Wonderful job on the Today thread!:clapping: It looks awesome! I would love to incorporate the headline boxes you made. They look great!


----------



## Becca (Jul 12, 2008)

Wow - great job of today on ro - well done :biggrin2:


----------



## ThatsMySimi (Jul 12, 2008)

Thank you, for adding myself, my buns, and my problems into this!  

And to add, my sunburns are doing better today! Not as itchy, and not as red, I don't think *looks at shoulder* - Nope! Not as red! YAY!


----------



## Elf Mommy (Jul 12, 2008)

*AngelnSnuffy wrote: *


> Wonderful job on the Today thread!:clapping: It looks awesome! I would love to incorporate the headline boxes you made. They look great!



Thank you!!! Use them however you'd like. 


> Wow - great job of today on ro - well done :biggrin2:



Thank you!  I'm enjoying doing them. Even though hubby rolls his eyes at me for staying up so late working on them. hehe


> Thank you, for adding myself, my buns, and my problems into this!
> 
> And to add, my sunburns are doing better today! Not as itchy, and not as red, I don't think *looks at shoulder* - Nope! Not as red! YAY!
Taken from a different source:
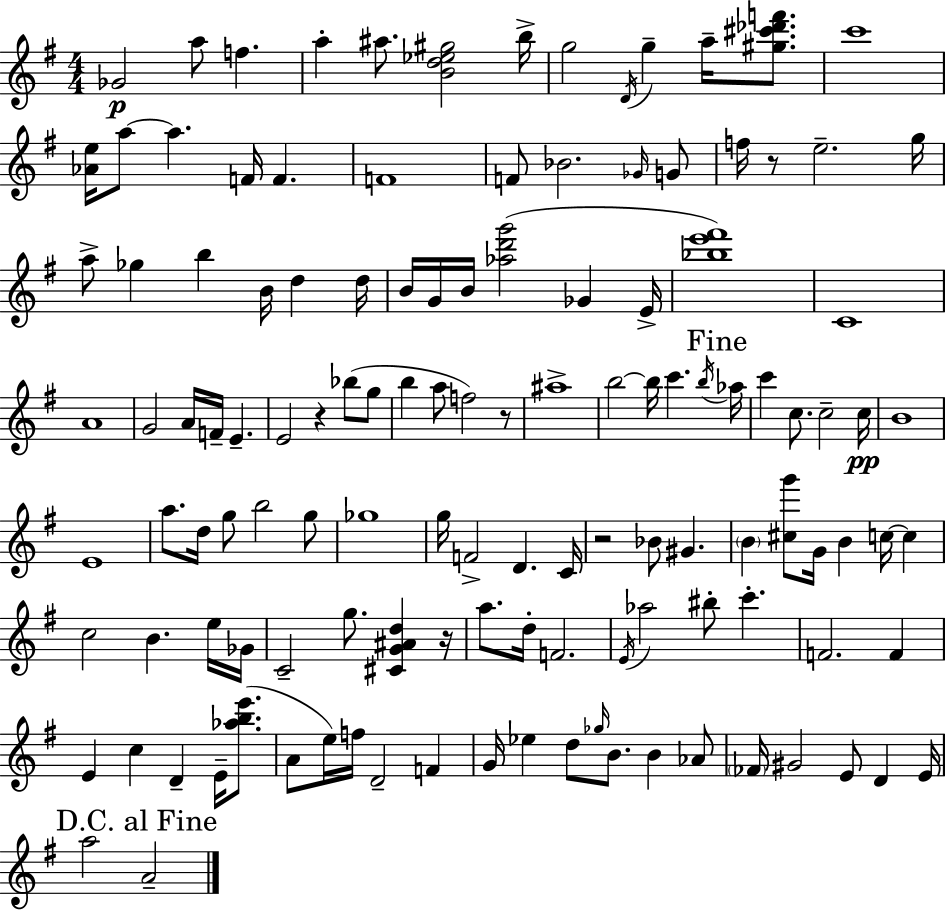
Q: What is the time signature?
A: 4/4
I'm glad you're feeling better. My aunt suggested using a product called Nivea. She's a nurse. It always did wonders for my sunburns. I wake up the next day with no pain.  I'm not sure if they carry it in Canada, though.


----------



## Pet_Bunny (Jul 13, 2008)

What a delightful and informativethread to read and catch up on everything Elf Mommy.
Because I am having problems posting, I haven't updated Pebbles Head Tilt. She is doing very well. Today she was chasing me around the pen and blinking as happy as can be. :clapping:


----------



## BSAR (Jul 13, 2008)

Fantastic job on the thread today! Best one ever! I am guessing that that little cutie is Sooska's Daisy-Mae.


----------



## Elf Mommy (Jul 13, 2008)

Nope, it is not Daisy Mae! I'll give you a hint, though. It IS the bun of someone mentioned on this RO Today!


----------



## slavetoabunny (Jul 13, 2008)

I love the layout!!! Fantastic job :great:!


----------



## Xila (Jul 16, 2008)

Sorry I missed this- thanks so much for mentioning the blog! ^^

I'll let Mr. "Anti-Nature" know.

~Xila


----------